Segment Open

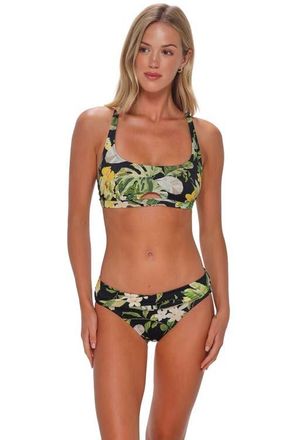 Sunsets Brandi Bralette Bikini Swimsuit Top in Night Bloom at Nordstrom, Size 3X-Large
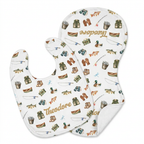 Personalized Bib and Burp Cloths in Fishing Buddy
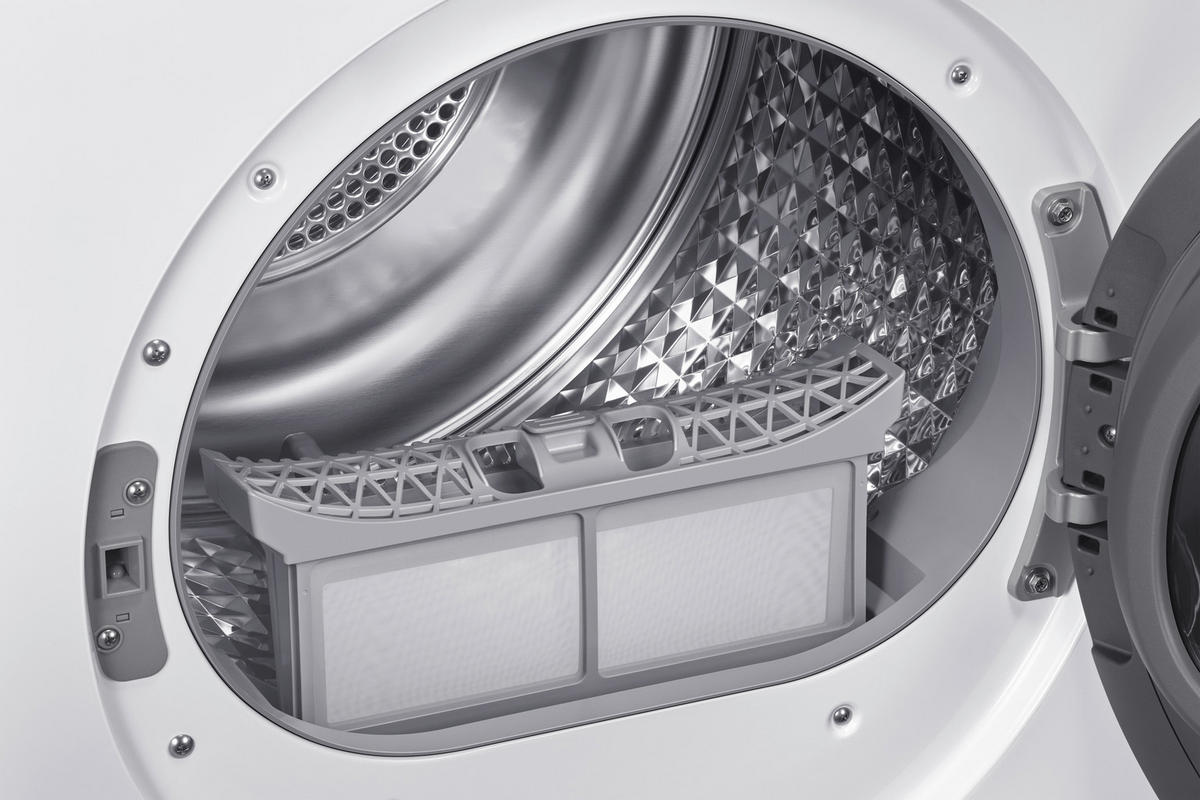 WÄRMEPUMPENTROCKNER DV90DG52A0AEEG  - Weiß, Basics, Glas/Kunststoff (60/85/60cm) - Samsung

Segment Closed

_YOUR ASSIGNMENT_
All of the material must be repeated exactly in the answer, apart from the pictures.

_YOUR RESPONSE_
 Sunsets Brandi Bralette Bikini Swimsuit Top in Night Bloom at Nordstrom, Size 3X-Large
 Personalized Bib and Burp Cloths in Fishing Buddy
 WÄRMEPUMPENTROCKNER DV90DG52A0AEEG  - Weiß, Basics, Glas/Kunststoff (60/85/60cm) - Samsung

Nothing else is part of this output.